Though it may seem unlikely, experts say there is good reason to believe Portapique could one day shed this terrible stigma and become a symbol of hope.

Will Rifkin, a professor at the University of Newcastle in Australia, says that’s exactly what happened to Port Arthur, a small town on Australia’s island state of Tasmania.

On April 28, 1996, a man armed with semi-automatic weapons murdered 35 people and wounded 23 others there before he was arrested and sent to prison.

In the weeks that followed, the massacre prompted a national conversation about gun control.

The Australian government responded with a compulsory gun buyback program and legislation that includes a ban on all semi-automatic rifles and semi-automatic and pump-action shotguns.

The senseless slaughter in Port Arthur, home to 250 people, “stimulated a national movement that made the country safer,” said Rifkin, who holds the chair in applied regional economics at the Hunter Research Foundation Centre.

To this day, gun control advocates consider Australia’s legislation as the gold standard.

“So there’s something national that could come from what happened in Portapique,” Rifkin said. “It may not be a gun control. It may be something about mental health. Maybe stricter laws about impersonating a police officer.”

On Tuesday, a senior Mountie  confirmed the Nova Scotia gunman was armed with several semi-automatic handguns and two semi-automatic rifles when he killed 13 people in Portapique on April 18 and another nine people the following day in several other communities.

His victims included an RCMP officer, two nurses, two correctional officers, a family of three, a teacher and some of his neighbours in Portapique.

An RCMP officer fatally shot 51-year-old Gabriel Wortman at a gas station in Enfield, N.S., about 90 kilometres south of Portapique at 11:26 a.m. on April 19.

The following day, Prime Minister Justin Trudeau pointed to the “senseless violence” in Nova Scotia before reminding Canadians that his government has committed to strengthening gun control and banning military-style assault rifles.

The governing Liberals have also said owners of legally purchased firearms that fall under the ban would receive fair-market compensations for their weapons as part of a buyback program similar to the one in Australia.

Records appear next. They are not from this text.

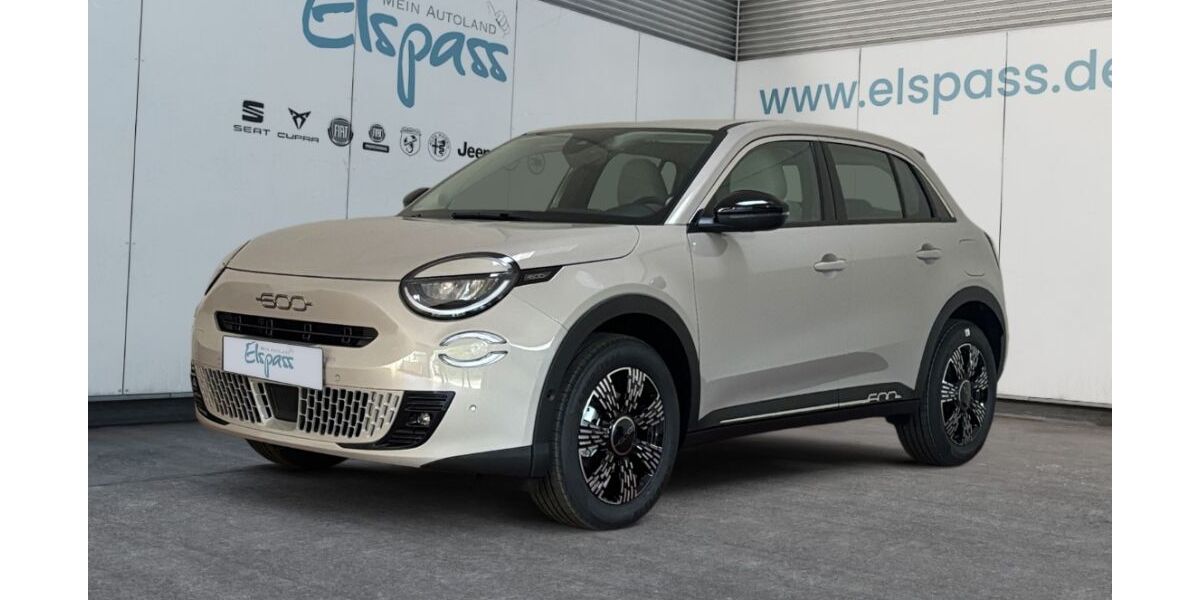 Fiat 600 9.590 km 25.789 &euro; Moers 47445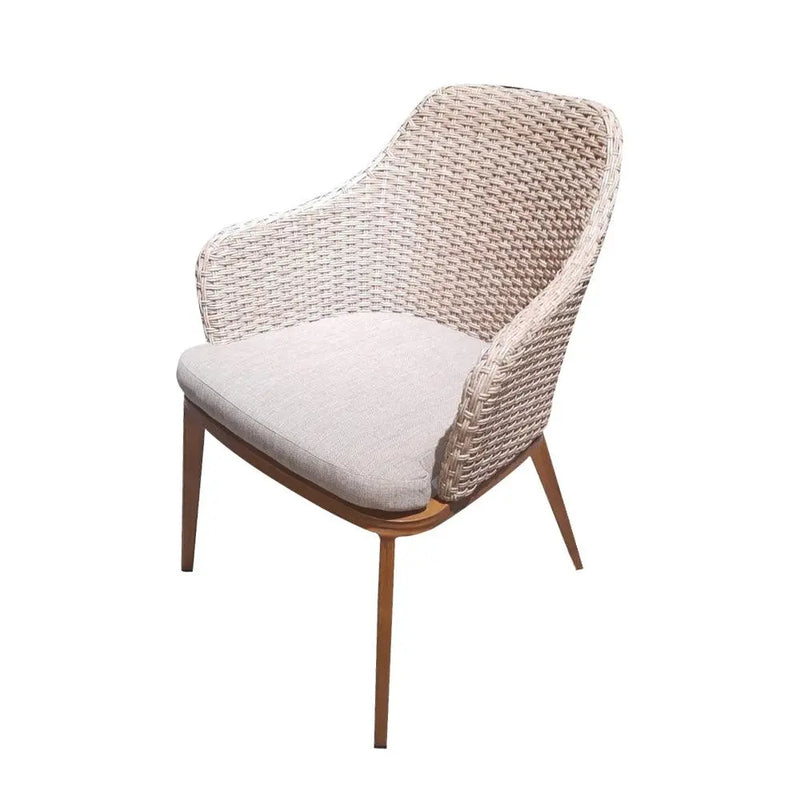 Cargue la imagen en el visor de la galería, Silla de Rattan para exterior e interior Color Beige BARON- 260A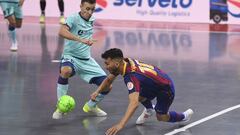 El jugador del Barcelona de f&uacute;tbol sala Esquerdinha pelea un bal&oacute;n ante Maxi Rescia en el partido de playoffs de la Liga de F&uacute;tbol Sala ante el Levante.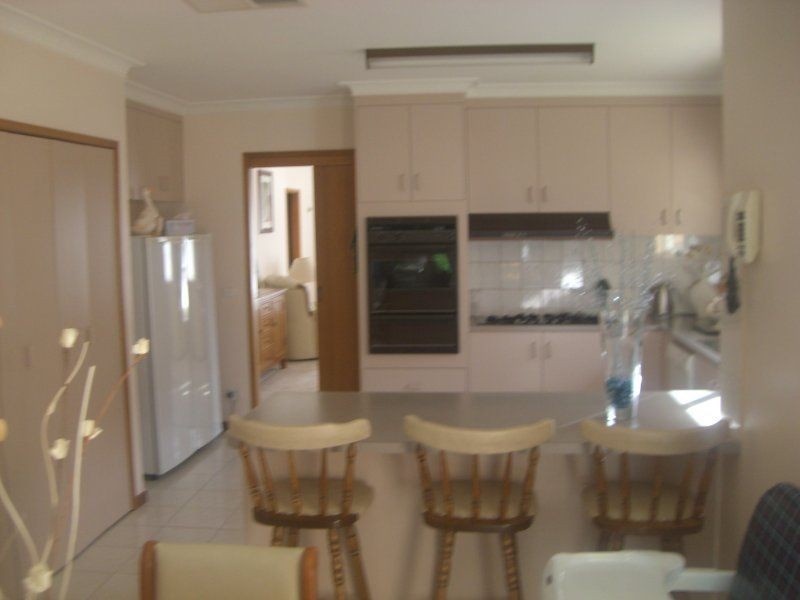 4 Apricot Circuit, Cobram VIC 3644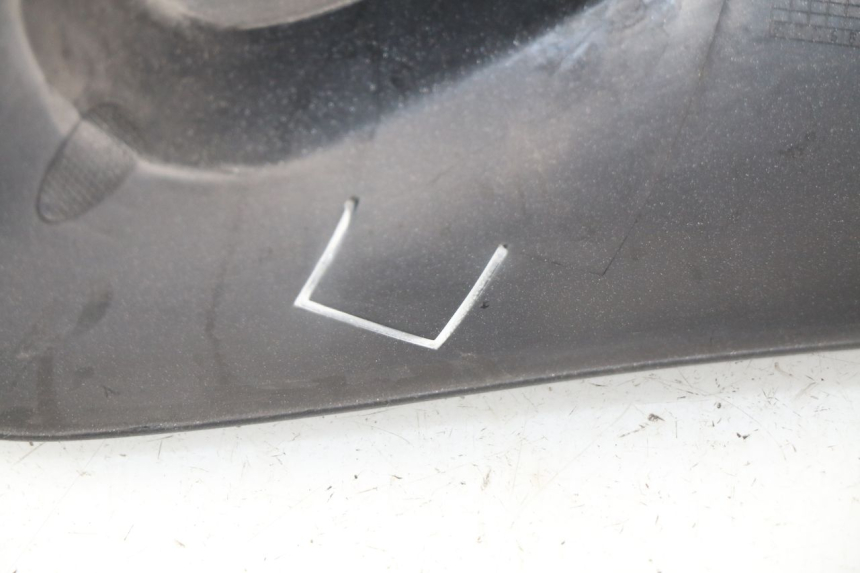 photo de VOORSTE STUURKAP PEUGEOT SATELIS 300 (2012 - 2015) - Technische close-up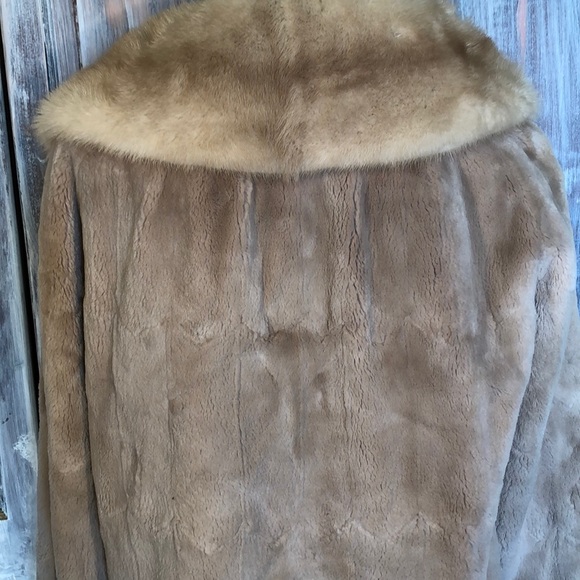 Vintage Dayton’s Fur Jacket - Picture 4 of 8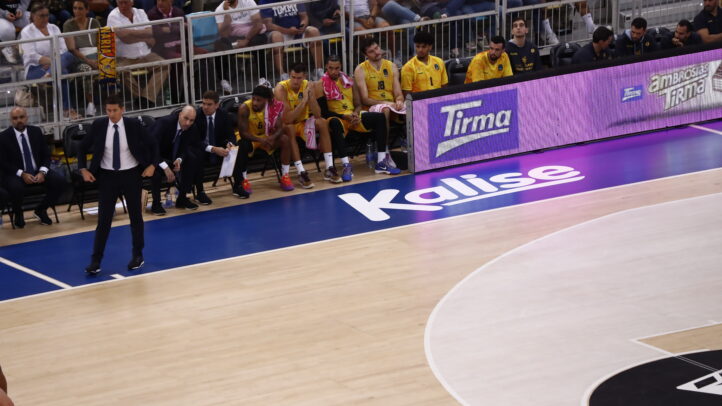 un nombre familiar que vuelve al Club Baloncesto Gran Canaria",Entrenador dirigiendo al equipo en un partido del Club Baloncesto Gran Canaria.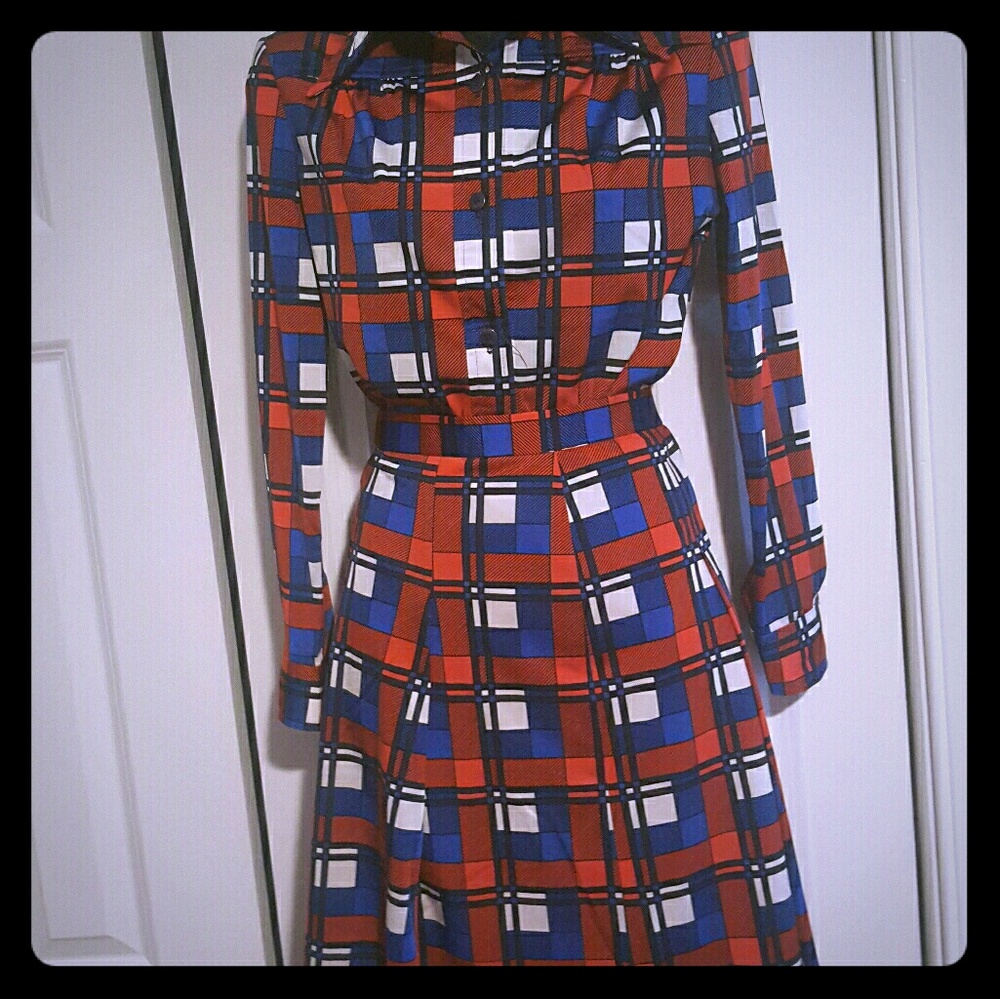 Multicolor skirt suit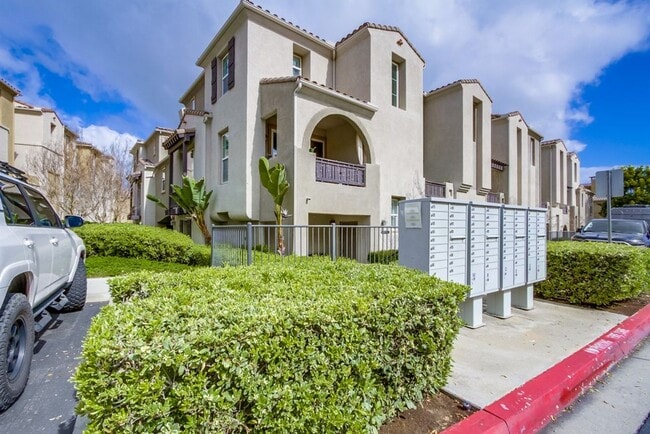 Building Photo - Spacious 3 Bed / 3 Bath Townhome with 2-Car Garage in Gated San Marcos Community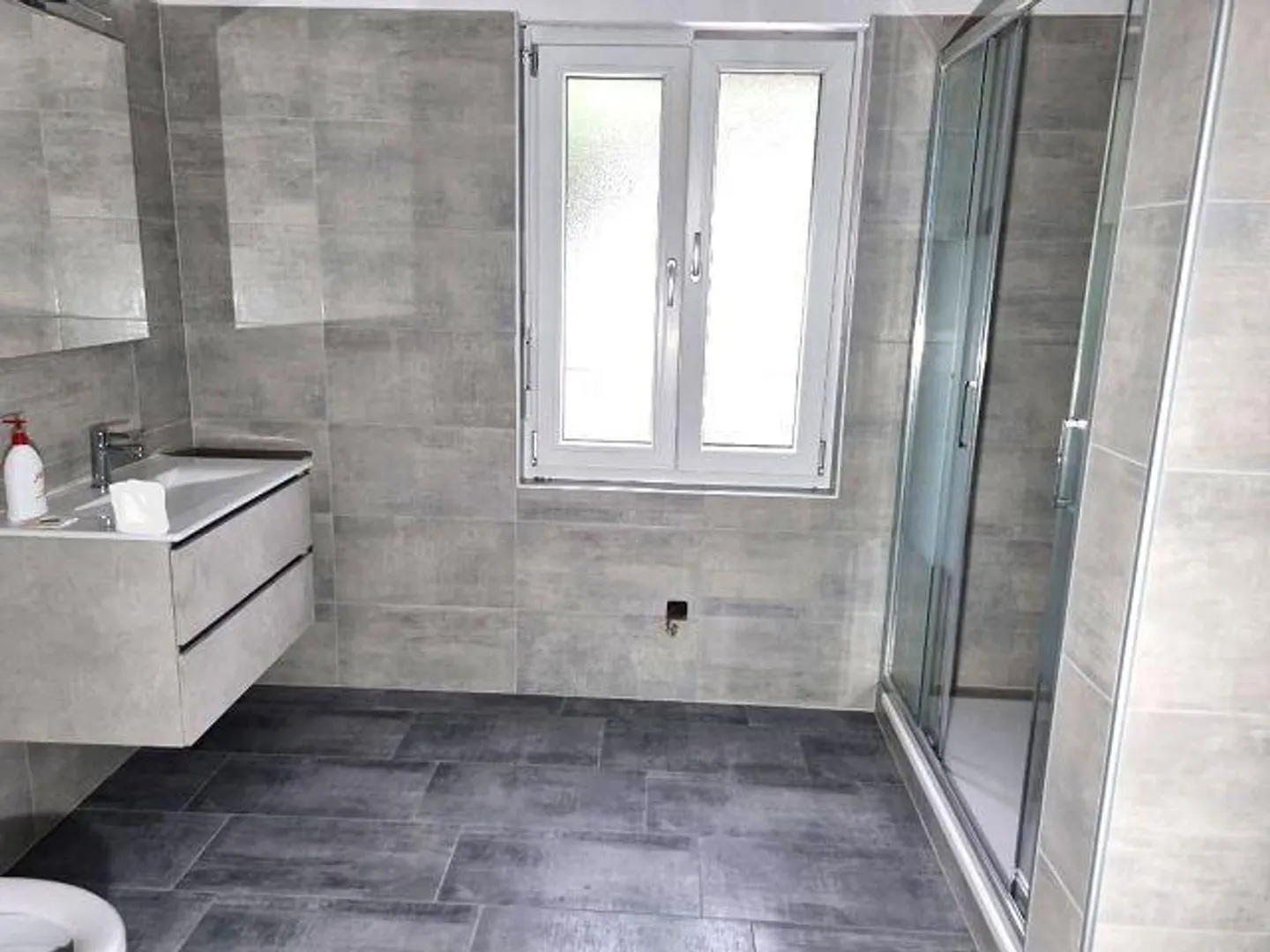 Casa plurifamiliare di 3 app. con garage posizione centrale, soleggiante - Foto 8 di 29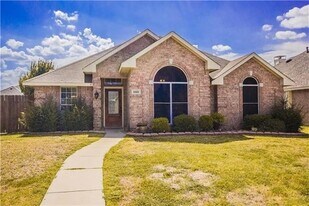 8161 Durham Dr in Frisco, TX - Building Photo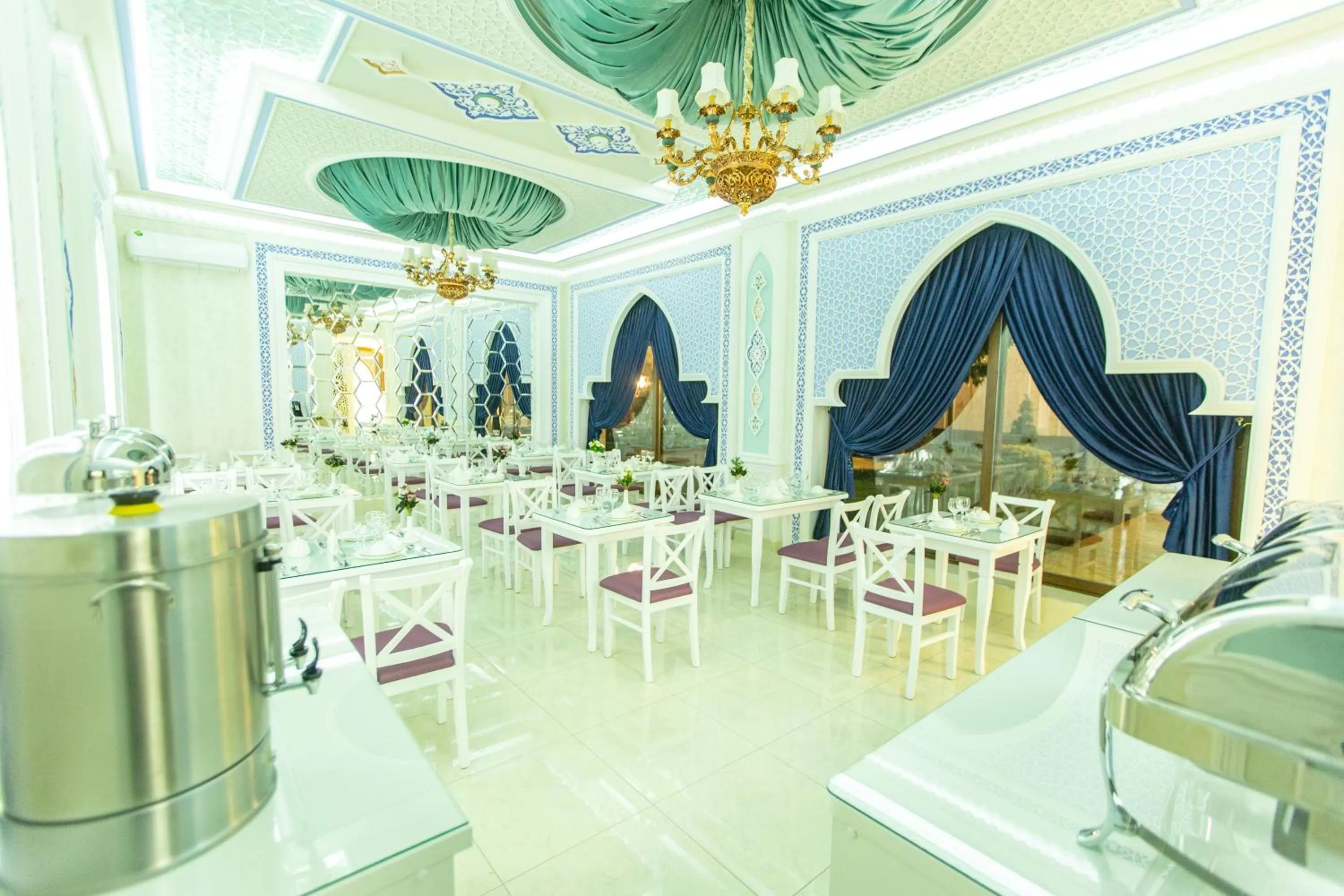 Restaurant/places to eat in Mirzo Boutique Hotel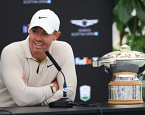 Рори Макилрой празднует триумф на турнире Scottish Open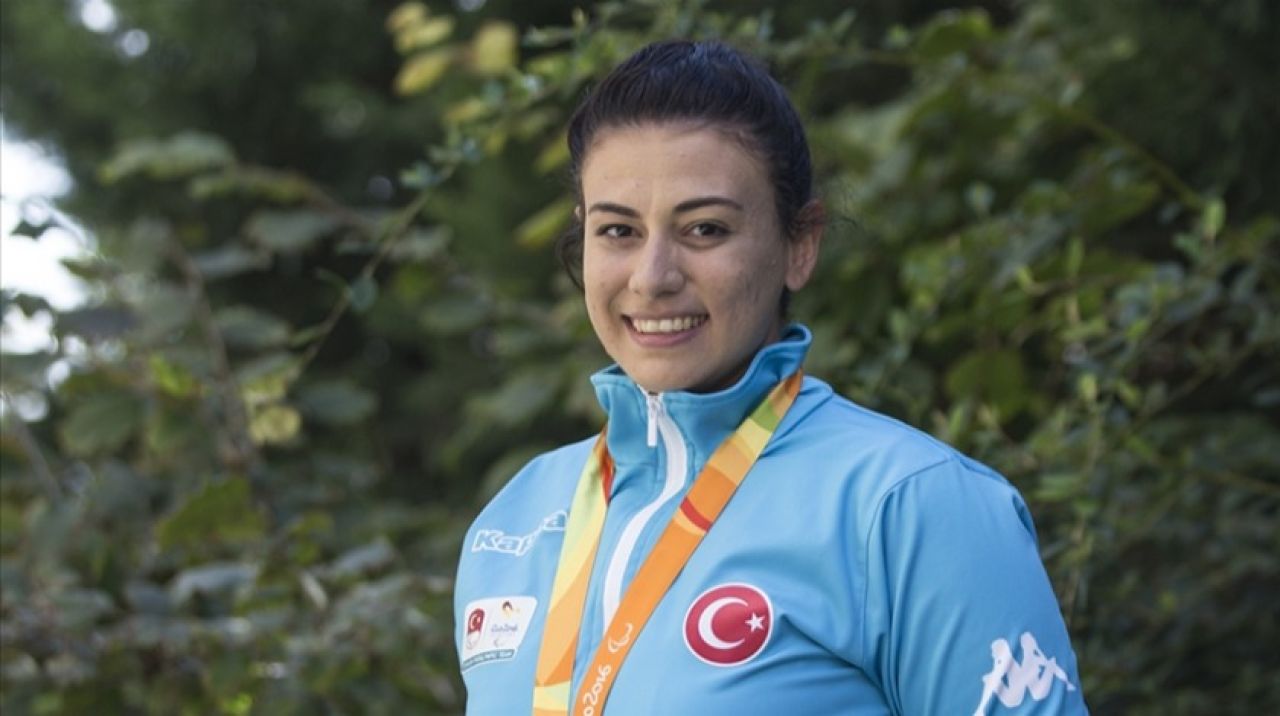 Milli para masa tenisçi Kübra Korkut dünya şampiyonu oldu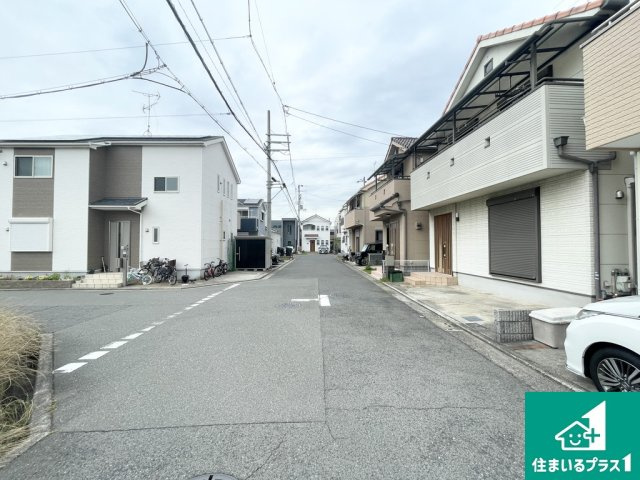 堺市西区鳳西町　中古戸建の前面道路含む現地写真|道路幅が広く、開放的で静かな住宅地です♪【現地写真】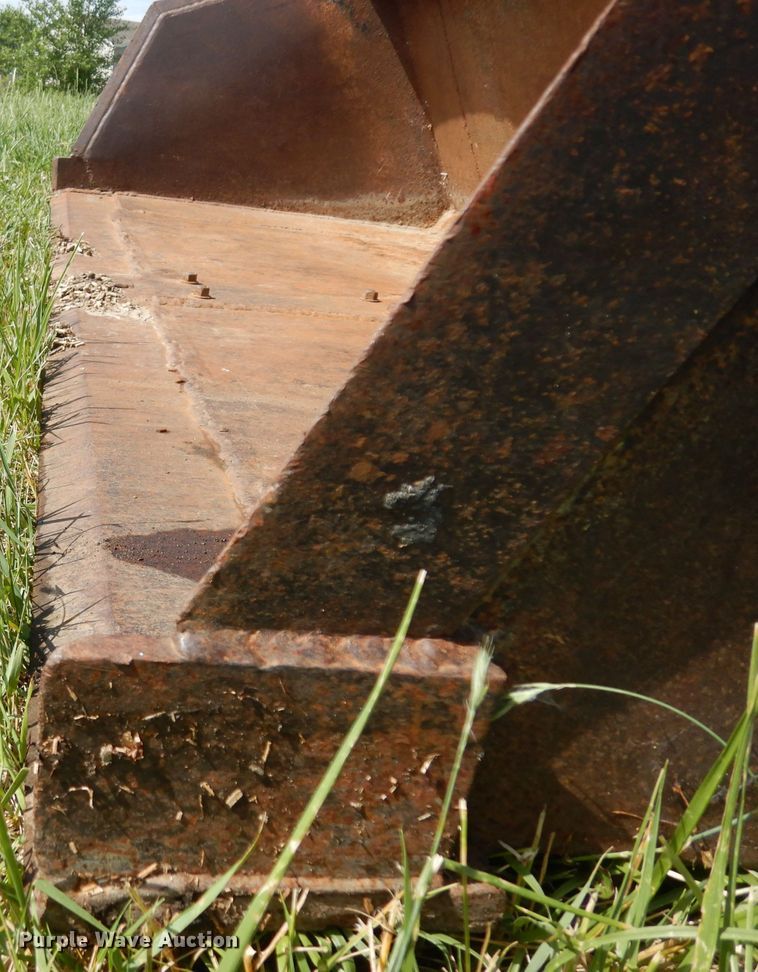 image for item HA9252 New Holland L775  skid steer loader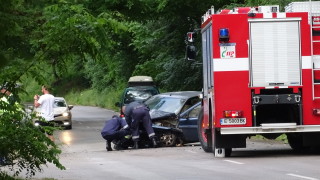 Възрастен мъж е леко ранен след катастрофа в Благоевградско предаде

Meanwhile, the residents of Portapique have begun what will be for some a long and agonizing process, says Simon Sherry, a professor in the department of psychology and neuroscience at Dalhousie University in Halifax.

“The psychological harms stemming from homicide are immense and can often involve post-traumatic stress disorder, depression or prolonged and complicated forms of grief,” said Sherry, who is also a psychologist.

“That population will be at very high risk for a range of serious mental health problems.”

He said federal and provincial officials should focus on offering mental health services to the local population.

“When you have a group of people who have been traumatized and subjected to shocking and horrific events, it’s often the case that those difficulties don’t stay with one generation and can be passed on to the next,” he said.

Like Rifkin, Sherry says Portapique’s agony could prompt a call to action.

“The events that happened there could be pivotal in Canada if we start making policies that help prevent these types of events from ever happening again,” he said, citing proposals for a so-called red-flag law.

Such legislation would allow doctors, educators and other professionals to ask the courts to remove guns from people who are considered at risk of hurting themselves or others, which would require a breach of confidentiality.

As well, Sherry said a public inquiry into the case could raise public awareness about the factors that lead to mass shootings.

“I’m talking about using these horrific events as a way to promote some incremental change,” he said, noting that the events last week in Nova Scotia should be viewed as a systemic problem and not the actions of just one disturbed person.

“These events could be the impetus and the catalyst for societal change that helps reduce gun violence.”